The robustness of mean future warming (4–6\(^{\circ }\)) projected by CMIP5 is not influenced by the observational uncertainty and the inter-dataset disagreement for the projected change (2061–2095) but certainly by higher disagreement of CMIP5 datasets during the historical period (1971–2005), which however is not the case with CX-SA. On the other hand, minute changes projected in precipitation by both CMIP5 and CX-SA are smaller in magnitude than the observational uncertainty, and the inter-dataset disagreements for the historical period as well as for the future change, implying uncertain future wet/dry conditions over the study region. Such finding indicates that regardless of high uncertainty of observed precipitation over the study region, projected wet/dry conditions are still uncertain due to a varying skill of the climate modeling experiments in reproducing the observed climate as well as due to their disagreement on the projected changes. Most importantly, higher infidelity (biases against OBS ensemble mean) of CMIP5 and CX-SA experiments than their projected warming and wetting/drying under extreme-end warming scenario of RCP8.5 by the end of 21st century (and of RCP6.0, RCP4.5 and RCP2.6 within 21st century) make these projections highly uncertain for the Himalayan watersheds of Indus Basin.

We have found no single best experiment in terms of the chosen metrics. Under such a situation, several studies typically attempt to weigh the skills of partially skillful models, in order to present robust findings. However, we postulate that due to structural limitations of climate models, smaller sample size of their experiments and considered non-exhaustive objective/subjective criteria-based skill metrics, it is difficult to accurately weight the models according to their skill/fidelity. As a result, studies merely focusing on the south Asian summer monsoonal precipitation have come up with different sets of ’best’ or ’reasonable’ models, which do not necessarily agree with each other on their projected changes (e.g. Sharmila et al. (2015); Jena et al. (2015); Hasson et al. (2016b)). Similarly, even though the models feature high fidelity in terms of skill metrics, their closeness to the reality during the historical period does not guarantee their convergence on the projected changes for the future period under the same forcing (Tebaldi and Knutti 2007). In this regard, we suggest the assessment of both the fidelity as well as future projections in qualitative terms, for which employing a full set of available models, rather than focusing on few partially skillful models, is a more plausible choice (Chiew et al. 2009). Thus, our presented majority agreement may serve as a best indicator of the robustness or uncertainty for the qualitative projected changes in terms of chosen metric.

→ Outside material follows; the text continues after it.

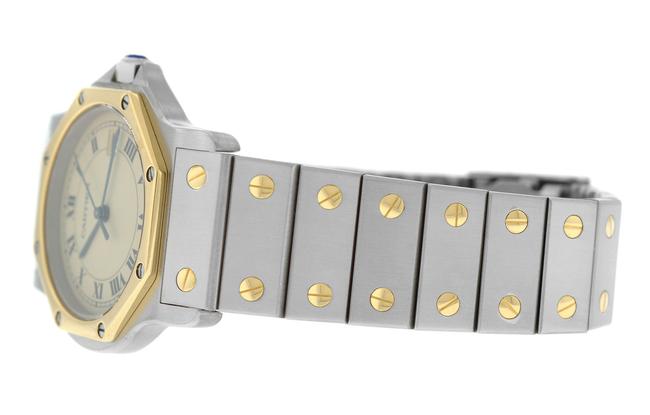 Cartier Yellow Gold Silver Ladies Santos Octagon 187902 Steel 18k 30mm Quartz Watch Cartier Yellow Gold Silver Ladies Santos Octagon 187902 Steel 18k 30mm Quartz Watch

We argue that the presented low fidelity of the fine scaled CX-SA and their driving CMIP5 datasets along with the associated future climatic uncertainties earn less reliability for their projected changes, at least in quantitative terms. The low fidelity of CX-SA experiments further indicates that their regional scale resolution is still too coarse to adequately represent the tremendous diversity of the hydro-climatic features over the Himalayan watersheds, collectively determined by prevailing large-scale circulation modes at their extreme margins, their interactions and their modulation by the local physio-geographical features, mainly the extensive cryosphere and the complex HKH terrain. Hence, a paradigm shift of exploiting the potential of meso-to-local scale instead of the regional scale climate models (e.g. weather research forecast WRF etc.) in terms of range of microphysics, resolution and convective closure, is mission-critical in order to improve the fidelity of hydroclimatic simulations over the Himalayan watersheds. However, performing meso-to-local scale climate simulations requires a multi-model chain, which is computationally expensive and may also prone to the structural limitations of the employed models. In this regard, applications of the global-to-local scale solo performance climate models with a capability of either telescopic zooming over a particular region (e.g. Laboratoire de Meterologie Dynamique—LMDz), or of the straightforward regional-to-local refinement over arbitrary locations (e.g. Icosahedral non-hydrostatic ICON) are the best alternates.